Among the three models proposed, the LGP has lowest bias through the bulk and highest quantile interval coverage generally. Compared to thresholding methods, its tail predictions have lower root mean squared error (RMSE) in all scenarios but the most complicated, e.g. a sharp bulk-to-tail transition. The LGP's consistent underestimation of the tail index does not hinder tail estimation in pre-extrapolation to moderate-extrapolation regions but does affect extreme extrapolations.
An interplay between the parametric transform and the natural sparsity of the DPMM sometimes causes the DPMM to favor estimation of the bulk over estimation of the tail. This can be overcome by increasing prior precision on less sparse (flatter) base-measure density shapes. A finite mixture model (FMM), substituted for the DPMM in simulation, proves effective at reducing tail RMSE over thresholding methods in some, but not all, scenarios and quantile levels.

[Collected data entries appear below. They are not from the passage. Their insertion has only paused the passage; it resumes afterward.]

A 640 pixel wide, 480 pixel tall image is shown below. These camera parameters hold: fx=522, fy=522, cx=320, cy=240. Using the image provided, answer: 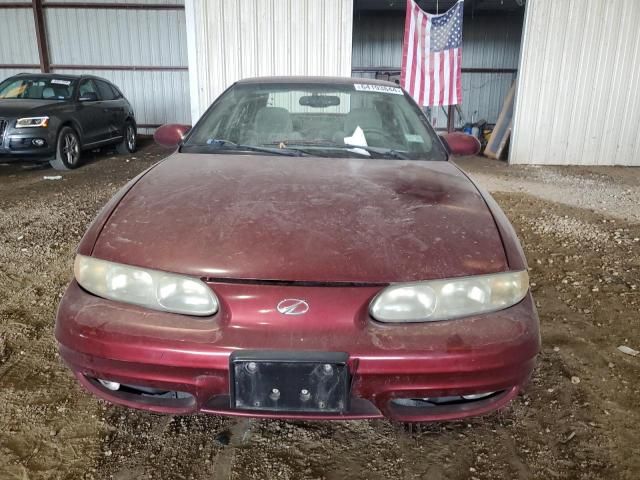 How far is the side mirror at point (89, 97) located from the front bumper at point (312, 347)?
7512 millimetres

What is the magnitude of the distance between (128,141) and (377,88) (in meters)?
7.71

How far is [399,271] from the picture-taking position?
1558mm

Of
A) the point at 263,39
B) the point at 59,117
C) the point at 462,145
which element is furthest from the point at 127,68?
the point at 462,145

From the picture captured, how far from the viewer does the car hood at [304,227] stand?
61.7 inches

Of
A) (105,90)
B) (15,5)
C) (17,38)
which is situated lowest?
(105,90)

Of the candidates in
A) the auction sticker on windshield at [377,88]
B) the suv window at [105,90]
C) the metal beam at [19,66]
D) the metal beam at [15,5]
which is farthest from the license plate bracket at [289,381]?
the metal beam at [15,5]

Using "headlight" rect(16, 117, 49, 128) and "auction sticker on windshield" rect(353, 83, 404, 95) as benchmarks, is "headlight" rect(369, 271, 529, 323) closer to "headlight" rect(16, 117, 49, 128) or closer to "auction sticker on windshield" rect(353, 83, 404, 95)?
"auction sticker on windshield" rect(353, 83, 404, 95)

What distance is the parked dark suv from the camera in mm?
6879

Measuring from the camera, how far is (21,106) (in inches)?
281

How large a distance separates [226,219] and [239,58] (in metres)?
6.62

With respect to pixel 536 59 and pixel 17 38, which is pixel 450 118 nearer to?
pixel 536 59

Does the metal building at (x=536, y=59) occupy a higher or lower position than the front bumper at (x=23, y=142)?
higher

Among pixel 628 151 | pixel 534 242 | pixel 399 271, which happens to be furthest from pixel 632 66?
pixel 399 271

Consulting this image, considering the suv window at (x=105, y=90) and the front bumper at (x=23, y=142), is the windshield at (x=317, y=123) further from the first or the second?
the suv window at (x=105, y=90)
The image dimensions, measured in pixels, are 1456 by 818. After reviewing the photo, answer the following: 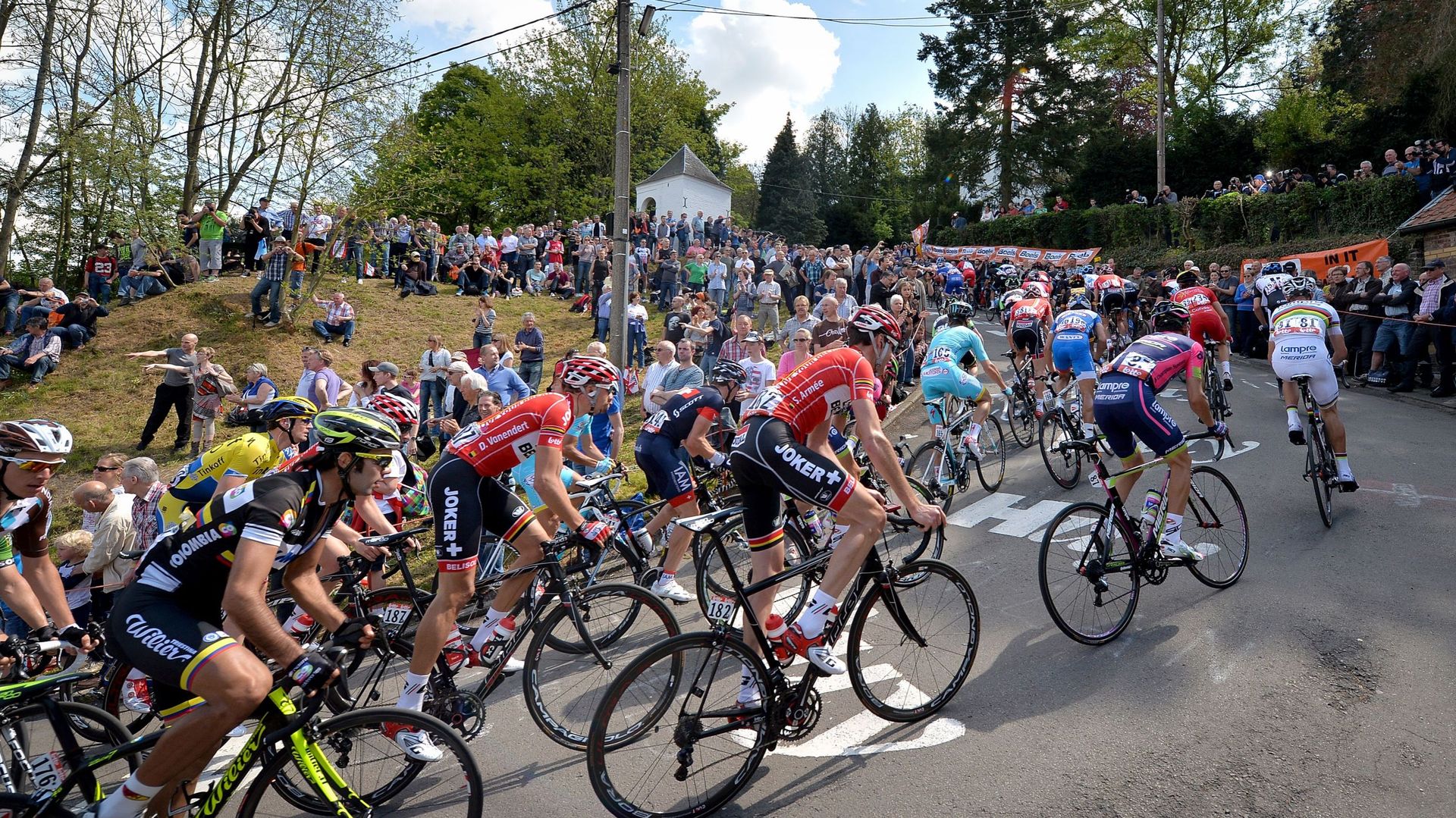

The predictive recursion marginal posterior (PRMP) model is fast and does the best job among proposed models of estimating the tail-index parameter. This allows it to reduce RMSE in extrapolation over thresholding methods in most scenarios considered. However, bias from the predictive recursion contaminates the tail, casting doubt on the PRMP's predictions in tail regions where data should still inform estimation. We recommend the PRMP model as a quick tool for visualizing the marginal posterior over transformation parameters, which can aid in diagnosing multimodality and informing the precision needed to overcome sparsity in the mixture model approach.
In summary, there is not enough information in the likelihood alone to prevent the bulk from overwhelming the tail. However, a model that harnesses the likelihood with a carefully specified prior can allow both the bulk and tail to speak without an explicit separation of the two. Moreover, retaining all of the data under this framework reduces quantile variability, improving prediction in the tails compared to methods that threshold.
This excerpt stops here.